将棋世界1991年7月号、中井広恵女流王位(当時)の第2期女流王位戦〔植村真理女流二段-中井広恵女流王位〕第3局自戦記「嬉しい、初防衛」より。

 この原稿が本に載る頃には、少しは巨人の成績も上がっているのだろうか。巨人ファンの私としてはいたたまれない今日この頃である。

 この女流王位戦第3局の帰り、偶然飛行機が巨人の選手達と一緒になった。

 ”写真を撮らせて下さい”

 ギャル達にそう言われて、ニヤけた顔で写真を撮っていた。

 ”巨人・大鵬・玉子焼”なんて言われてたらしいが、現在ではすっかり西武の陰に隠れてしまっている。

 ”まったく、ニヤけて写真撮ったって勝たなきゃ人気も上がらないのよ”

 巨人の選手達に言ってやりたくなったが一方で、”なんでカメラ持ってこなかったの!!”とミーハーな想いもあった。

(中略)

 私は今でこそ、こんな騒がしい性格になってしまったが、昔はわりと静かだった。いや、静かというのはちょっと違うかもしれない。

 無愛想、無気力、無関心、無感動・・・とにかく、何をするにも面倒でいつもブスっとしていた。

 そんな性格も体形とともに丸くなってきたようで、多少の愛想笑いも出来るようになった。おせじは今でも好きではないが・・・。

 真理ちゃんもどちらかというとハッキリものを言うほうで、性格が似てるせいか気が合う。

(中略)

 シリーズを通して、前夜祭などでお酒を飲んだが、真理ちゃんはあまり強くないらしい。乾杯のビールを少し飲む位だ。

 世間では私はかなりお酒が強い事になってるようだが、それは皆さんの大きな思い違いである。

 以前、棋士数名と女流棋士でワインバーへ飲みに行った時の事だ。私はワインはお酒の中でも相当弱い方で、3杯ほど飲んだだけでフラフラしてくる。

 ”私、酔っちゃったみたい・・・・・・”

 その言い方に色気がなかったのか、はたまた人妻じゃ意味ないと思ったのかは分からないが、誰も聞いてくれない。

 女性が酔ったと言ってるのに、全く冷たい人達である。

 スキーに行った時もそうだ。

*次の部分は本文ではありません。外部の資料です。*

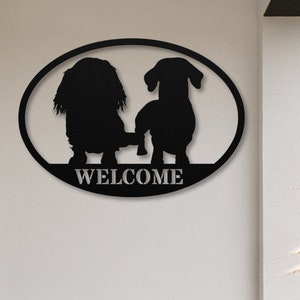 Dachshund Friends Welcome Sign for Front Porch, Dachshund Gift, Dachshund Decor Metal Wall Art for House, Wiener Dog Gifts, Weenie Door Sign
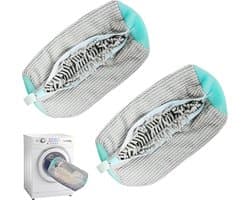 2-pack herbruikbare wasmachine schoenenzakken - cilindrische multifunctionele schoenenwaszak - anti-deformatie - verstelbare schoenenwaszak sportschoenreinigingszak, 360° reiniging witte schoenen - multifunctionele schoenenwaszak voor wasmachine en d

普通、心配しながら女性の後を滑ってくるものではないだろうか? 誰とは言わないが、さっさと私を置いてきぼりにして滑っていく。人妻はホント、意味がない。

(中略)

 将棋指しは、どうして勝った時に喜びを表に出さないのだろうか。相手に対して気を使っているのだろうが、負けた人の方が笑いを浮かべてたりして、時々どちらが勝ったのか分からない事がある。

 スポーツの選手なんかは勝った瞬間、ガッツポーズをしたり、涙を流したりする。見てる人達にとってはそれがスポーツマンらしくて清々しい気分になる。

 私も林葉直子女史のように女流王位戦で10連覇なんてしたら、もうガッツポーズをカメラマンがイヤと言う程、決めてみたい。相手の事など二の次で・・・。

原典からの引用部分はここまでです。